WHAT IS BEING ASKED:
Starting at the line with "NEDA Borsa shopper" and going on through the line with "14K Gold 3Color", reproduce each line in the records below exactly and nothing more.

# # # # # # #

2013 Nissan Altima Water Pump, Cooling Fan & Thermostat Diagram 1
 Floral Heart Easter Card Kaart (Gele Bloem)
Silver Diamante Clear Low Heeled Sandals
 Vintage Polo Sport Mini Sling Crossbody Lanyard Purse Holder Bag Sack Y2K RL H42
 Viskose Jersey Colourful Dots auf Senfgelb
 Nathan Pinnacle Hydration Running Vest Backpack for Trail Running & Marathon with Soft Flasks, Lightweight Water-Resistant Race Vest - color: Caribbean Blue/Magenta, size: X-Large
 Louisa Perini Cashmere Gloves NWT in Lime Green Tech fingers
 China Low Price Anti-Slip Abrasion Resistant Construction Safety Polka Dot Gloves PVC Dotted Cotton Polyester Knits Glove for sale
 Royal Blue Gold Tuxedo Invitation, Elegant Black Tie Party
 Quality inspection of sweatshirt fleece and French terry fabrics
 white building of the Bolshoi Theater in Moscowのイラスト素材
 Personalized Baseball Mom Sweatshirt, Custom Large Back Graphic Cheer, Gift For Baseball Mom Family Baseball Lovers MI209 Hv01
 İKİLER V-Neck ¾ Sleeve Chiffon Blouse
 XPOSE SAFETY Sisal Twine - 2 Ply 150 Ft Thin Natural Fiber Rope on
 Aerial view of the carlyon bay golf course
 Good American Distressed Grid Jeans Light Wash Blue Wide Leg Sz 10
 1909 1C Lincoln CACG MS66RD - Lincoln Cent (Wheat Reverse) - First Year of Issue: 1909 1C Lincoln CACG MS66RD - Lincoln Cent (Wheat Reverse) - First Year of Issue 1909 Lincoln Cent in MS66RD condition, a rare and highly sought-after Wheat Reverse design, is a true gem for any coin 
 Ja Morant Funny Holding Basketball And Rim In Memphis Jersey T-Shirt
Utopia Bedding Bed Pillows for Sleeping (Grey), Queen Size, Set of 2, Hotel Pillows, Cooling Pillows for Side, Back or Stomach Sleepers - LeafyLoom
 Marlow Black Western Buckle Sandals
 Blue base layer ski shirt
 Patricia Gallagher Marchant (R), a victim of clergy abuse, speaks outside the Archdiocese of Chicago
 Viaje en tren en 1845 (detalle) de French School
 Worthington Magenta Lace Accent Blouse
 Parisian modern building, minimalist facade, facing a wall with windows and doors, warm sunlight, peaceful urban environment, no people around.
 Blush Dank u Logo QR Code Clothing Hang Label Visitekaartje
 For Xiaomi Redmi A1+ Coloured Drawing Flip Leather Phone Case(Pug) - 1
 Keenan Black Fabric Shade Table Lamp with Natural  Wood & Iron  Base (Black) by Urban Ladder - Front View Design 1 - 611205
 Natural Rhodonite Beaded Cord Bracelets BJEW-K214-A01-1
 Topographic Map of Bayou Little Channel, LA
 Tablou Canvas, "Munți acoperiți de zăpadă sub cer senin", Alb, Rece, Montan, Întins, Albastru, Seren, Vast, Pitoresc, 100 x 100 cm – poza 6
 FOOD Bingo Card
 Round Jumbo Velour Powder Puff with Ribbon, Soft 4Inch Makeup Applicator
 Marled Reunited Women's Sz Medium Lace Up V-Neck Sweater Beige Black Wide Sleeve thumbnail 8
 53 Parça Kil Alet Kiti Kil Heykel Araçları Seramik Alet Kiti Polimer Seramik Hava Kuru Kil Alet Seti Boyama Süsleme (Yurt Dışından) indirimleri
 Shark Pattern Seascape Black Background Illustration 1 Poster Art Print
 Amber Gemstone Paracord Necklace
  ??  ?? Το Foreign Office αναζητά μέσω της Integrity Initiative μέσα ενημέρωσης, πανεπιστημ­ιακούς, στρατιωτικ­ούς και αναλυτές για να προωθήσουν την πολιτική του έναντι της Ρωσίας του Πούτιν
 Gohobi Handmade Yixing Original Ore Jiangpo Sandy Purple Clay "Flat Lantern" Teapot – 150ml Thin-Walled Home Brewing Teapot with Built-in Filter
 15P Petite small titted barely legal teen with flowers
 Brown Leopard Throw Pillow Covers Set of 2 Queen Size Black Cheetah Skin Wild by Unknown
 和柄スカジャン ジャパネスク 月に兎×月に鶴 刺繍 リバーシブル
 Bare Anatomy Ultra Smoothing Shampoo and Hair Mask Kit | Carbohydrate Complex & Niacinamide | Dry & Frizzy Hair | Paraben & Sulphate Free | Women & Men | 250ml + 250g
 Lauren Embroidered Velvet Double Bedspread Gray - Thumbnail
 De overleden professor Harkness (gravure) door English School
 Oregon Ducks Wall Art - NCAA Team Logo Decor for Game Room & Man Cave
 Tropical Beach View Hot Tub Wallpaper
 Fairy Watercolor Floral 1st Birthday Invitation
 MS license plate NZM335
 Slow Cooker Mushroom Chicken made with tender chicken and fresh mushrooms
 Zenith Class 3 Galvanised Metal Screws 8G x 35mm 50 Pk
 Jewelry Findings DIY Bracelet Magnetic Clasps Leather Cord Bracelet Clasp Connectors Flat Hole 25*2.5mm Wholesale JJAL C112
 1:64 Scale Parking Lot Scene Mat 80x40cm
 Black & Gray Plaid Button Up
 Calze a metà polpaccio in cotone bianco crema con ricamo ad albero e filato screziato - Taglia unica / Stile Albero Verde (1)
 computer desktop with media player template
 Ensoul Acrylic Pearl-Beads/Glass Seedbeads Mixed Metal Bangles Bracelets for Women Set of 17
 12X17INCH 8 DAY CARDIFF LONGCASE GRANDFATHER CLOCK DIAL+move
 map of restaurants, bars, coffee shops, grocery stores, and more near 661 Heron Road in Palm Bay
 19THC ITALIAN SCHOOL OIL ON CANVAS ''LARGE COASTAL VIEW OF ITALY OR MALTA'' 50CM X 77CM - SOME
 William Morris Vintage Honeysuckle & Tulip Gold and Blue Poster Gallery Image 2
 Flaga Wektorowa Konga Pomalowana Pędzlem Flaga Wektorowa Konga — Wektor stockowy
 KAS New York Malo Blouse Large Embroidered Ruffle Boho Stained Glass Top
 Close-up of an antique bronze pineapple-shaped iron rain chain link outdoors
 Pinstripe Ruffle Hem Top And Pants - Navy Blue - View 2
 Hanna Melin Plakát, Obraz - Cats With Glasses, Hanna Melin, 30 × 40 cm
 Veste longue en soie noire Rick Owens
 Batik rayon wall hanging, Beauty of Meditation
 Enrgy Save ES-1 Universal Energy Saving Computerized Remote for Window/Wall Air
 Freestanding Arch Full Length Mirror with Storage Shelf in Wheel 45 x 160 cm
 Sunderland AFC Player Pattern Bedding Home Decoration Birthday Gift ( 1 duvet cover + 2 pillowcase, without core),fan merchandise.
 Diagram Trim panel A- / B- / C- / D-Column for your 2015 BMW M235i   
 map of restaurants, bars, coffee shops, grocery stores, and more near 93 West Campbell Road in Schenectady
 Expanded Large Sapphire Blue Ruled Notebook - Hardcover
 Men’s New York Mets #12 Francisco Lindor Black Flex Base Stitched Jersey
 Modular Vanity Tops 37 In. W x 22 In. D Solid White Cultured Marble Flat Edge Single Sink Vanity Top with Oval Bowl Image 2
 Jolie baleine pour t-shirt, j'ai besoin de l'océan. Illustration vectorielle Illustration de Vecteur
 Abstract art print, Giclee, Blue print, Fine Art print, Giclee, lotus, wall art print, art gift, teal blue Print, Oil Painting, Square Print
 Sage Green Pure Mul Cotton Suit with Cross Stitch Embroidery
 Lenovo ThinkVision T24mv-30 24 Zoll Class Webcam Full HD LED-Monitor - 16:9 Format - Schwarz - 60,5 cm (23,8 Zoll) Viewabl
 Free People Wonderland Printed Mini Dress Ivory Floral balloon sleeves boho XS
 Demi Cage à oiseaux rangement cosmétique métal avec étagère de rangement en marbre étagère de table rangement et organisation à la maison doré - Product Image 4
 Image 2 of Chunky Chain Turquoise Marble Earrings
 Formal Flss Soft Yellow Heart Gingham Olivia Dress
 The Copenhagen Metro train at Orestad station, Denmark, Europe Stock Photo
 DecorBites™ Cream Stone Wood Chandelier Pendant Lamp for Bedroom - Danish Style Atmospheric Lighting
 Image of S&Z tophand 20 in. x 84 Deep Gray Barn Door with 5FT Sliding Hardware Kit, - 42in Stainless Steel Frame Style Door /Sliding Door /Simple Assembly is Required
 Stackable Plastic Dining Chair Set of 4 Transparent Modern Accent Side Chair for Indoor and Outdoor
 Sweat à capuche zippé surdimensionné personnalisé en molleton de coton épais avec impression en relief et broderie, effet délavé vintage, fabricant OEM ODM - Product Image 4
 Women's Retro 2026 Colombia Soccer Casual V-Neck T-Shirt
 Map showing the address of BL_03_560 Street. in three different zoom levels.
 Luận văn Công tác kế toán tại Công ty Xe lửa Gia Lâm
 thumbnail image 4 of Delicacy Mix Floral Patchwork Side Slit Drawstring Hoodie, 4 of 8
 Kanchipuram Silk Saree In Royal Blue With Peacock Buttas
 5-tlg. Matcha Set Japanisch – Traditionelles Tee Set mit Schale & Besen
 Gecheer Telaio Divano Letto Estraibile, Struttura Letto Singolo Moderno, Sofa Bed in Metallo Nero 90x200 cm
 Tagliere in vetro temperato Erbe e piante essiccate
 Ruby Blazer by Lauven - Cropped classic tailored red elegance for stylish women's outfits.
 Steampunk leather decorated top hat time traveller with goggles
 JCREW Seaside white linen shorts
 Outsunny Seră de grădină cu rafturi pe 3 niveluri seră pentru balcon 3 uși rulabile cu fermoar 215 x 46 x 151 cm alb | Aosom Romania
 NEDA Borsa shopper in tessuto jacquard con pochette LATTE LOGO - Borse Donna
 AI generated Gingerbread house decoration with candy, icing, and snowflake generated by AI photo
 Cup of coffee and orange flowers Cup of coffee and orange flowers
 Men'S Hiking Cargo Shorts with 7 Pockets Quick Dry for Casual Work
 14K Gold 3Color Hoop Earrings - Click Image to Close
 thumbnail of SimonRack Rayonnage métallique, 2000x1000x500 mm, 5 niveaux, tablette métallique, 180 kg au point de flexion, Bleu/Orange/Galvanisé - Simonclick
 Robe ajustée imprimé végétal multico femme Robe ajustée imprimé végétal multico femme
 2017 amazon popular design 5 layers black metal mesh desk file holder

# # # # # # #

YOUR SOLUTION:
 NEDA Borsa shopper in tessuto jacquard con pochette LATTE LOGO - Borse Donna
 AI generated Gingerbread house decoration with candy, icing, and snowflake generated by AI photo
 Cup of coffee and orange flowers Cup of coffee and orange flowers
 Men'S Hiking Cargo Shorts with 7 Pockets Quick Dry for Casual Work
 14K Gold 3Color Hoop Earrings - Click Image to Close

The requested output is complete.